Input data.
================

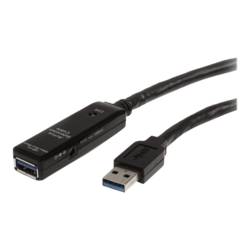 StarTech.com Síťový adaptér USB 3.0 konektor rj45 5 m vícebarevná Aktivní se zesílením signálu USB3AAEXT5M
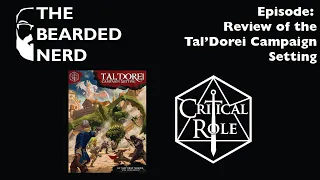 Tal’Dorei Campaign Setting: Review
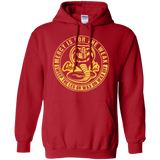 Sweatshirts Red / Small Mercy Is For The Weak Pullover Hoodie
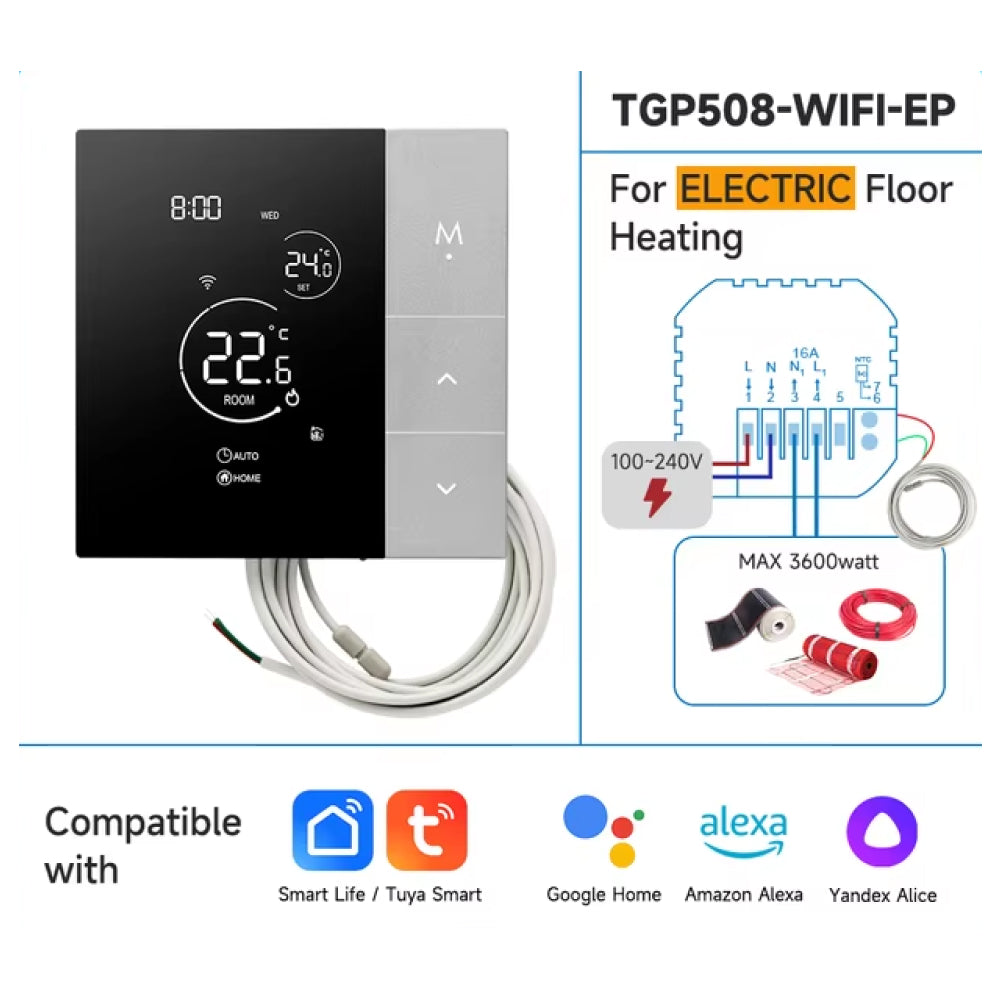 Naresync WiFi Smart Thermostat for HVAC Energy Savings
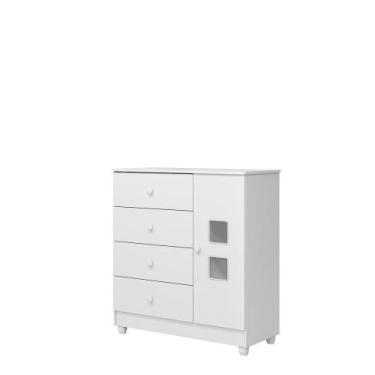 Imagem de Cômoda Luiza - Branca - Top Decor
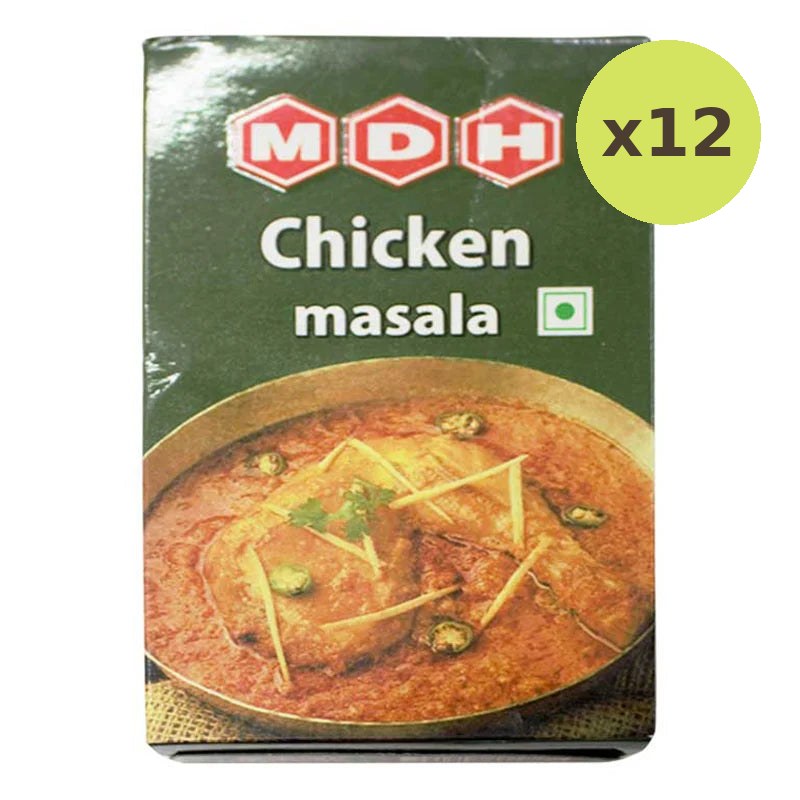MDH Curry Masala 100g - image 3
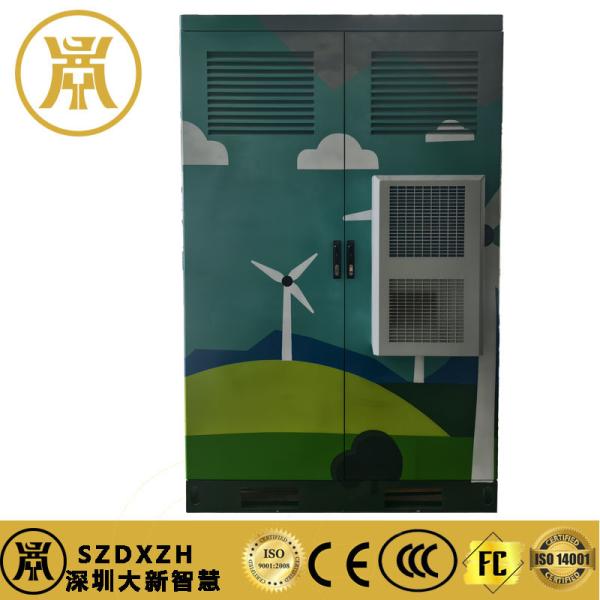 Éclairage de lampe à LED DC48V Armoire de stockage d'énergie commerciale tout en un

================

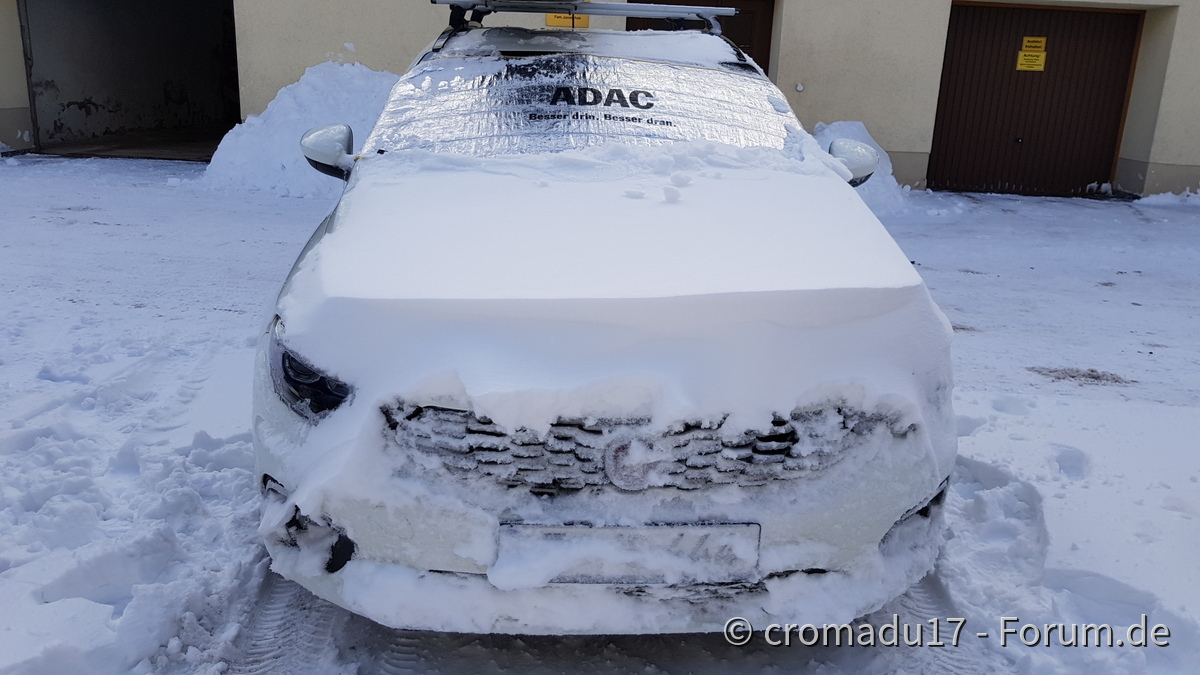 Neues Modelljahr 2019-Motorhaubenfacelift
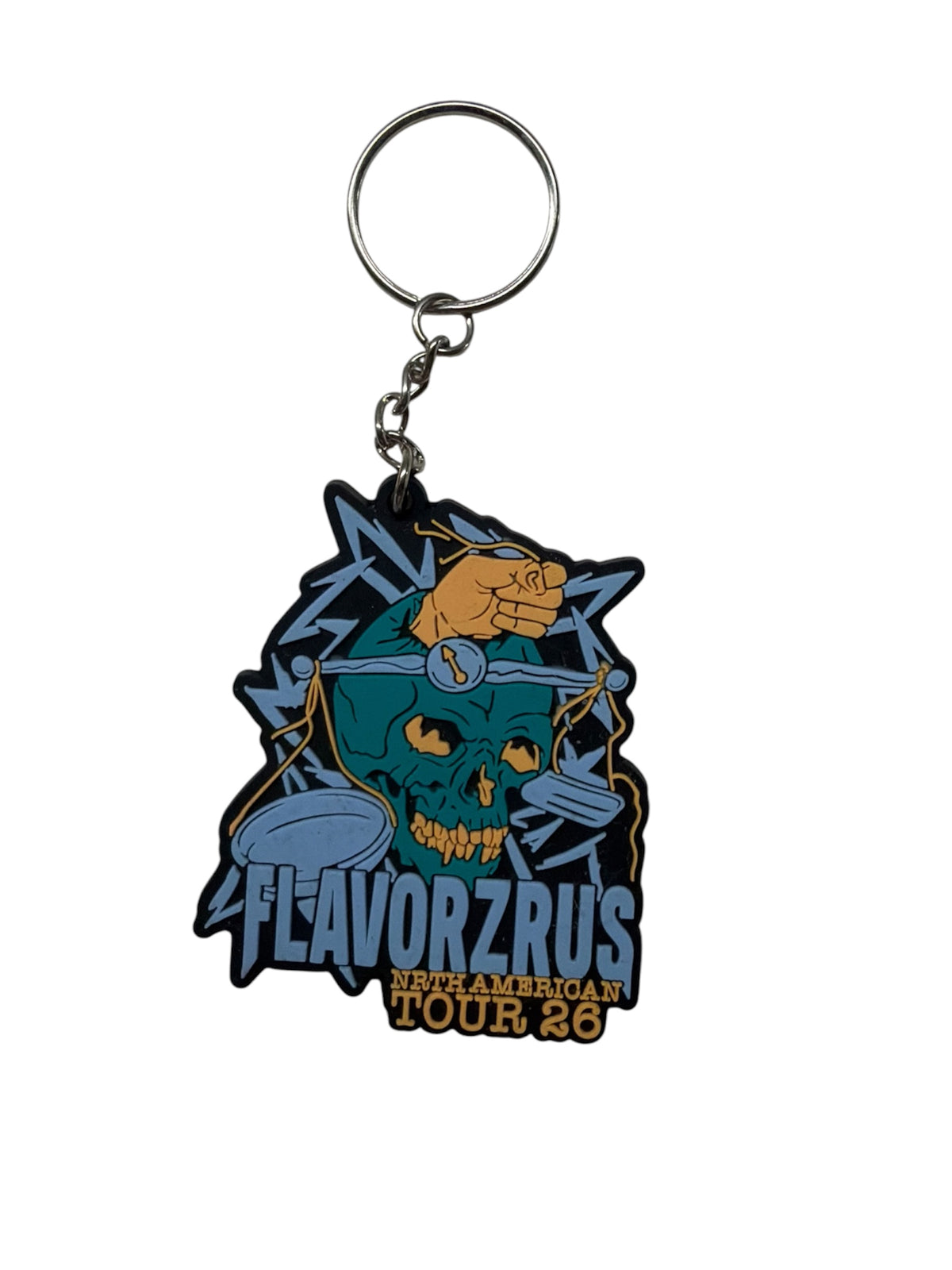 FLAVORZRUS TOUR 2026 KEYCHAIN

================

Exercise. Look above for the line with "StarTech.com Síťový adaptér" and the line with "Éclairage de lampe"; set down those two lines and all lines between them exactly, without pictures and without anything else.

Answer area.
 StarTech.com Síťový adaptér USB 3.0 konektor rj45 5 m vícebarevná Aktivní se zesílením signálu USB3AAEXT5M
 Tal’Dorei Campaign Setting: Review
 Sweatshirts Red / Small Mercy Is For The Weak Pullover Hoodie
 Naresync WiFi Smart Thermostat for HVAC Energy Savings
 Imagem de Cômoda Luiza - Branca - Top Decor
MDH Curry Masala 100g - image 3
 Éclairage de lampe à LED DC48V Armoire de stockage d'énergie commerciale tout en un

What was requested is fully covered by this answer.